Advanced Television

Multichoice emerges as TopTV bidder

April 30, 2013

TopTV, a digital broadcasting rival to South Africa’s Multichoice, is in financial trouble. Up until now the front-runner to buy the troubled company was StarTimes, a China-backed operation with an existing portfolio of African-based pay-TV investments.  A new potential buyer (‘Dynamic TV Consortium’) has now emerged in the shape of local South African entrepreneurs, but with one major snag: Multichoice is an investor in their consortium.

South African TV regulations demand that no outside investor can hold more than 20 per cent of a broadcasting enterprise, and StarTimes has been lobbying for that rule to be relaxed. Satellite operator SES of Luxembourg is a 20 per cent investor in TopTV, and it was widely assumed that StarTimes would be acquiring the SES stake as part of a wholesale restructuring of TopTV’s share structure.
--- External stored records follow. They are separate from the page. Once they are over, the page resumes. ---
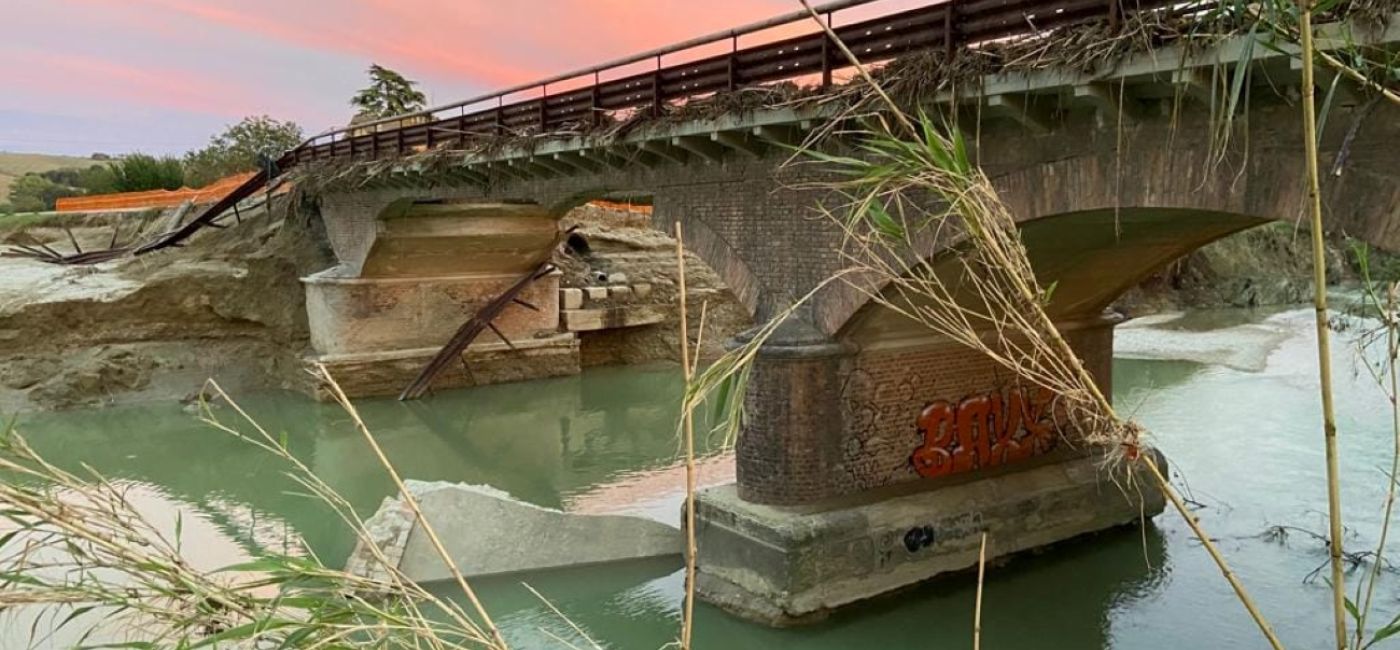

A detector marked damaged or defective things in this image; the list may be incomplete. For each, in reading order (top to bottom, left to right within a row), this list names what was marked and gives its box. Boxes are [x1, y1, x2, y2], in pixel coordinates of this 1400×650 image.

bent metal rail [139, 0, 1170, 254]
broken concrete slab in water [347, 476, 680, 582]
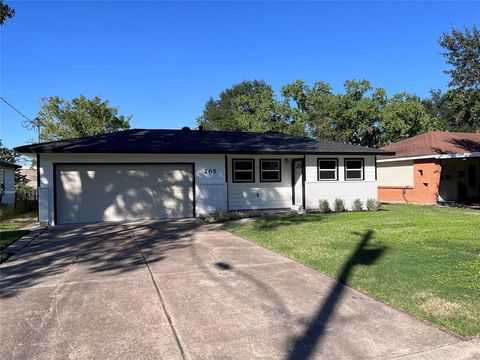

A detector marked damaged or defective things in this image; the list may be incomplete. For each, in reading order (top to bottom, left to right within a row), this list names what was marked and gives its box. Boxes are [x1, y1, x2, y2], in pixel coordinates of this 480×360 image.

driveway crack [127, 224, 188, 358]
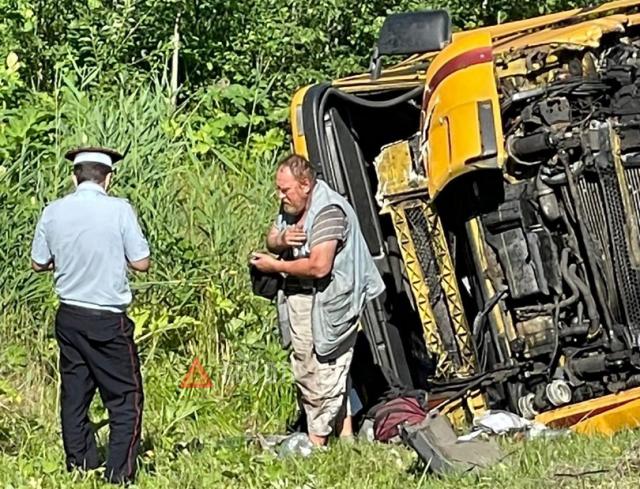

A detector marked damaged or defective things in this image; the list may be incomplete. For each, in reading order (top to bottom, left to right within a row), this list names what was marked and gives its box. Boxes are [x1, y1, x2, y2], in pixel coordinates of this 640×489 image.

overturned yellow bus [292, 1, 640, 432]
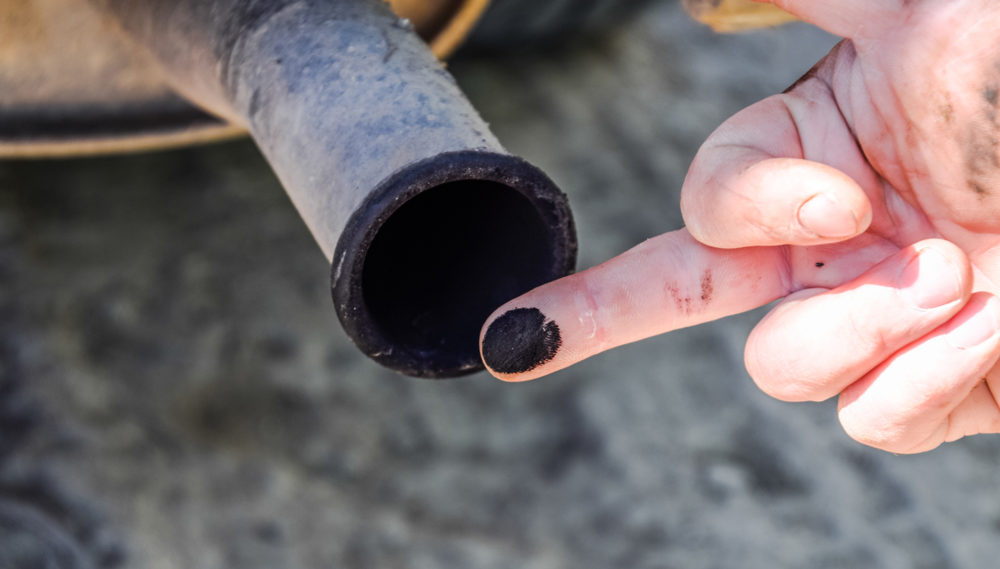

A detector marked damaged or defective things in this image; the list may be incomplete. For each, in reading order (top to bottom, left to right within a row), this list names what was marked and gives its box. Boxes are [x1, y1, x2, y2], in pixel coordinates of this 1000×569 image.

rusty metal part [0, 0, 488, 156]
rusty pipe edge [94, 0, 580, 378]
rusty metal part [94, 0, 580, 378]
rusty metal part [680, 0, 796, 32]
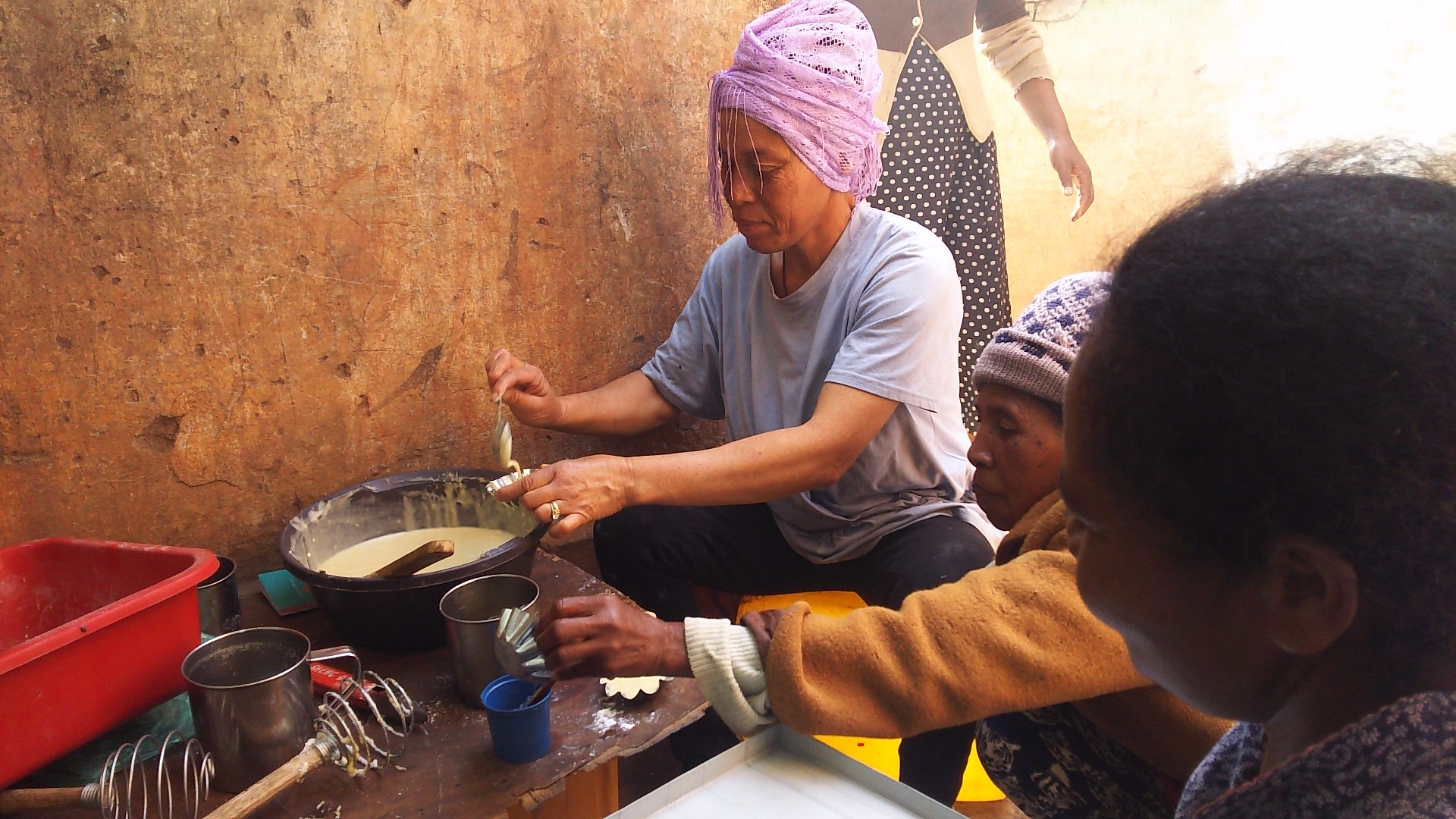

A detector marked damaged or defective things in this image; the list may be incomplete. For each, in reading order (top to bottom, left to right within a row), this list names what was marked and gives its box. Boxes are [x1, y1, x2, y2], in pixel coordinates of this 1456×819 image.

cracked clay wall [0, 0, 774, 574]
However, while there are undoubted financial complications in StarTimes’ plans, the local market is now concerned that Multichoice is seeking to maintain its monopoly in pay-TV by buying TopTV.  Reportedly, the Dynamic TV Consortium is putting up to ZAR500 million ($55.6m) on the table to sweeten the deal and reportedly financed by Multichoice.
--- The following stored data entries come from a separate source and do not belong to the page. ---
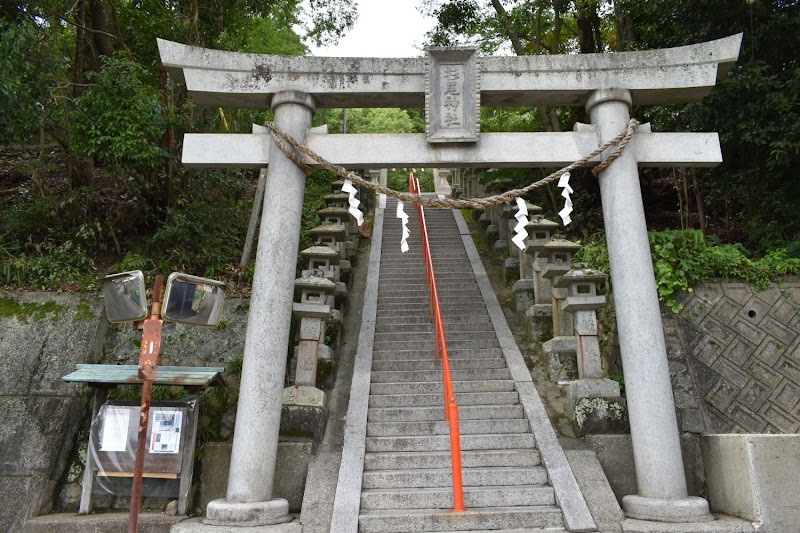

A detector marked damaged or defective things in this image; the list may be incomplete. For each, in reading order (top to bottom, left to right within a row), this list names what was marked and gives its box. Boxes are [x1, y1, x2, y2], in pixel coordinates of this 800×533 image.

rusty metal pole [127, 276, 163, 528]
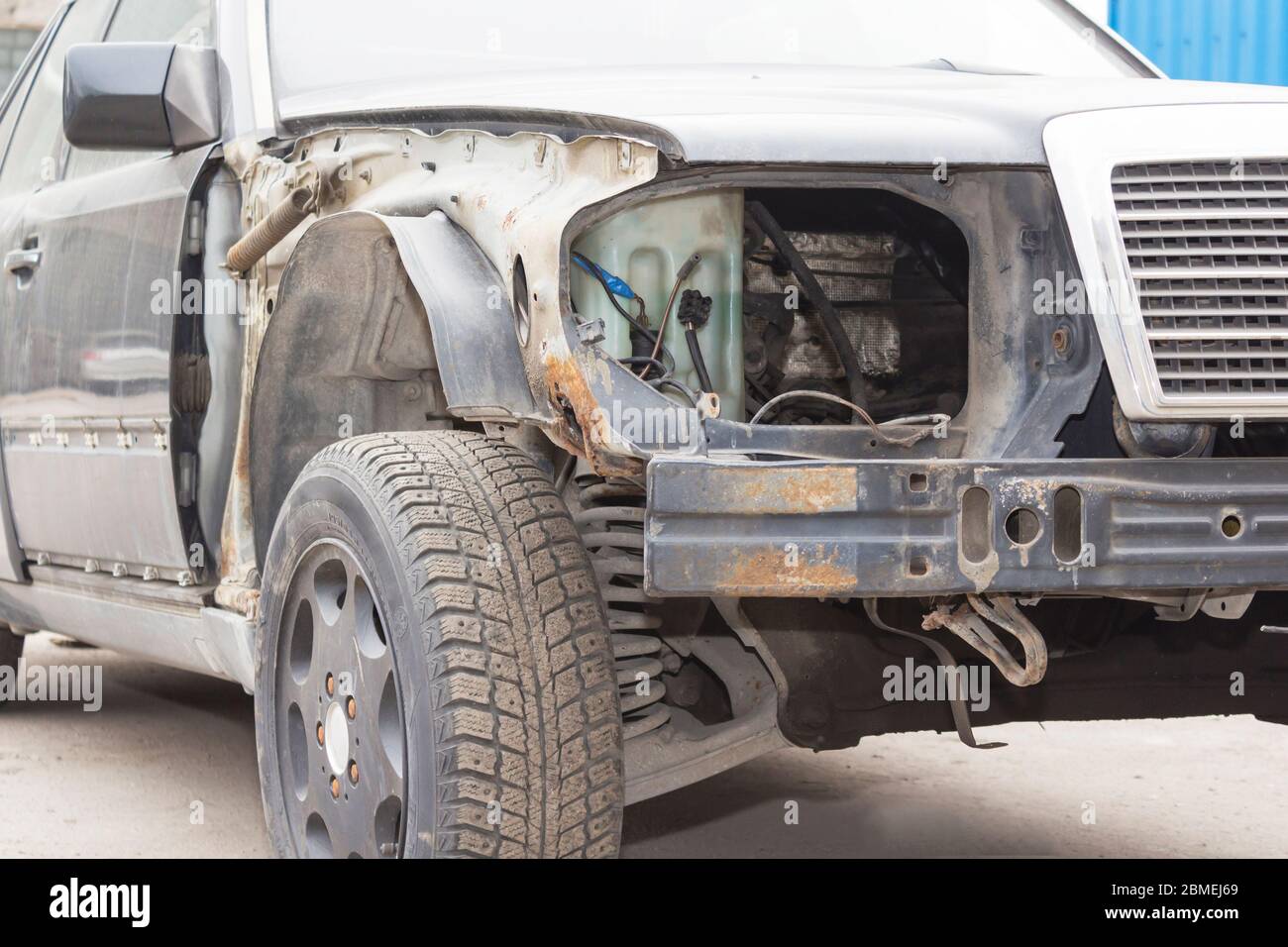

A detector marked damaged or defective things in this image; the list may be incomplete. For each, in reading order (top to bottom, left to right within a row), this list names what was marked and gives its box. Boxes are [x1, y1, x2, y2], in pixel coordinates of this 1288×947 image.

rust spot [721, 549, 860, 592]
rusty fender edge [644, 456, 1288, 594]
missing front bumper [644, 456, 1288, 594]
TopTV put out a statement late on April 29th, saying somewhat ambiguously “The Business Rescue Practitioner (BRP, the Court-appointed administrator of TopTV) would like to confirm that we have since received unsolicited, non binding expressions of interest from two other interested parties. It is the intention of the BRP to go ahead and present the current plan as published. As part of that process, [the BRP] has an obligation to announce to the meeting the receipt of the additional proposals which cannot be viewed as plans under the current circumstances.”